Two unrelated Banksy auctions are scheduled to run simultaneously at Sotheby’s and Christie’s bringing some of the artist’s best-known works to the auction block.
As the gavel fell at a Sotheby’s auction in London last October announcing the £1 million sale of Banksy’s Girl with a Balloon, the reclusive artist shocked the art world as he made the artwork shred itself. The artwork was subsequently renamed Love is in the Bin and the buyer who’d anticipated a technically different artwork went through with the sale. Later, in December, a stencil tongue-in-cheek mural appeared on the side of a garage in the Welsh town of Port Talbot. Season’s Greetings promptly attracted hundreds of thousands of tourists and the artwork has been the centre of a bit of controversy ever since. Finally, the artist headed to Venice during the opening of this year’s Venice Biennale; however, he wasn’t on the guest list. Instead, he set up shop on a Venetian street – without permission – showing off a series of works commenting on the state of affairs in Venice before being told to move.
Thus, it goes without saying that the artist has had a big year. Now, Sotheby’s and Christie’s are both hoping to profit off the momentum of the elusive street artist. Come September, both of the auction houses will bring a number of works by Banksy to the auction block. Promoting their respective auctions as a chance for enthusiasts to get their own piece of the artist with perhaps an extra check for self-destruction devices ahead of the auctions.
On September 6th, Sotheby’s will kick off ‘Banksy/Online,’ which will be a two-week sale and the first of the Banksy auctions. ‘Over the last couple of years, we have seen Banksy’s print market go from strength to strength in its own right,’ said Kirsteen Davidson of Sotheby’s prints department, who also confirmed the sale was in the work far before Love is in the Bin made its debut. ‘It therefore seemed like a natural progression for us to harness this strength, and worldwide interest in Banksy, and present a sale solely of his works.’ Though their entire lineup isn’t finalized, yet, prints by Banksy will include: Girl With Balloon (estimated at £60,000-80,000), Welcome to Hell (£18,000-22,000), and Pulp Fiction (£12,000-18,000).

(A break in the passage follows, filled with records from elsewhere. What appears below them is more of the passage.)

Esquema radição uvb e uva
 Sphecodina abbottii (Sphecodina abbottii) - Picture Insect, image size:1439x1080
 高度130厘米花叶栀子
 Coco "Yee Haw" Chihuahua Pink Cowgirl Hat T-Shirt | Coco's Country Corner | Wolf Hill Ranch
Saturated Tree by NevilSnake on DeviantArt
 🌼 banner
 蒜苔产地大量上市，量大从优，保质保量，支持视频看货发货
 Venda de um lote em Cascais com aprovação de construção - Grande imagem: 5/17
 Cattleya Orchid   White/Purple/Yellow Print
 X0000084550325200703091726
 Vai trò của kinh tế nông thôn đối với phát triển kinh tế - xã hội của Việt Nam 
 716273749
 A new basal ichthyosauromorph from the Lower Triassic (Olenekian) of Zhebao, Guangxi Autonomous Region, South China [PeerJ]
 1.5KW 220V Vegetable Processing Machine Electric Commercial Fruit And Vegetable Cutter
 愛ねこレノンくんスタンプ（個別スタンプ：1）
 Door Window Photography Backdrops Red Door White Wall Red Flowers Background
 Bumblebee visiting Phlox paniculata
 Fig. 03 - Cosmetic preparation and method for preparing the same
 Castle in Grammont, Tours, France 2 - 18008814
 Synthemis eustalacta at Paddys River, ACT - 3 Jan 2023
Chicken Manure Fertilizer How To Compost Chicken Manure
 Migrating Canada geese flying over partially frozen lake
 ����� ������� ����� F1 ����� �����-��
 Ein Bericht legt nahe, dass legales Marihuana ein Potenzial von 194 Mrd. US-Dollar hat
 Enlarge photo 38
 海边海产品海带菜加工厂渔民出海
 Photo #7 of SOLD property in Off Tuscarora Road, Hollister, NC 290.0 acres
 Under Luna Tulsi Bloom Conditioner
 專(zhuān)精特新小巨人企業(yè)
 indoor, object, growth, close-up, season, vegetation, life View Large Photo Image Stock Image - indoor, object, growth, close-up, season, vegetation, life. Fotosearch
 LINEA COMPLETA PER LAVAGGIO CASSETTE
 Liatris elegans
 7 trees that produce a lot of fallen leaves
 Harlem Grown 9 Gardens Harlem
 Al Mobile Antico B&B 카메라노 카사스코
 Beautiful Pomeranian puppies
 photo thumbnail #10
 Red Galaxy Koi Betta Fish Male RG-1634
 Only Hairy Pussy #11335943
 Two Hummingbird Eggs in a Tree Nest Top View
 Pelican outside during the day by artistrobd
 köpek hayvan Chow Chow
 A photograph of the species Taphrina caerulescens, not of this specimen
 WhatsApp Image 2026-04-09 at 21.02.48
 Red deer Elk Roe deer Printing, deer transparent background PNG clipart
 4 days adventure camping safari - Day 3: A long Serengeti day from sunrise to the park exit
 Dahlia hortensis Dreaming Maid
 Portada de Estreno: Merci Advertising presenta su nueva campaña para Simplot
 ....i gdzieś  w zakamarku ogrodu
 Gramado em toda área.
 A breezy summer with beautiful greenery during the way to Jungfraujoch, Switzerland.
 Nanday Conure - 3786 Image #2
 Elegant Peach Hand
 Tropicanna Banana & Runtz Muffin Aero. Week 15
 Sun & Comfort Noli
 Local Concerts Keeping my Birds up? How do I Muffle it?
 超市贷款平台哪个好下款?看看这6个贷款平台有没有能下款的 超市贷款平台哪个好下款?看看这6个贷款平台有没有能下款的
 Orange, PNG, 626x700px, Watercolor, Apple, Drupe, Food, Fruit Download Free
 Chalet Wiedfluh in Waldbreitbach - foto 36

Just a few days later, Christie’s will commence their rival edition of the Banksy auctions called ‘Banksy: I can’t believe you Morons actually buy this sh*t,’ slyly playing off the title of one of Banksy’s images. Beginning September 11th, Choose your weapon (estimated to bring in £30,000-50,000), Stop and Search ($20,000-30,000), and CND Soldiers (£15,000-25,000 will head to the auction block. The lot that is bound to set the stage is a rare artist’s proof of Girl With Balloon. The artist’s proof of the artwork that shocked spectators is the first to have been offered at auction, according to James Baskerville, head of prints and multiples at Christie’s, and has a pre-sale estimate of £150,000 to £250,000.
‘Banksy’s prints are an opportunity to become a part of something bigger,’ said Davidson of the upcoming sales. ‘Street art is in the public forum, but prints provide a way for people who love his work to bring it home with them. Some people will pay more for the signature, whereas others just want to own a piece of Banksy’s work.’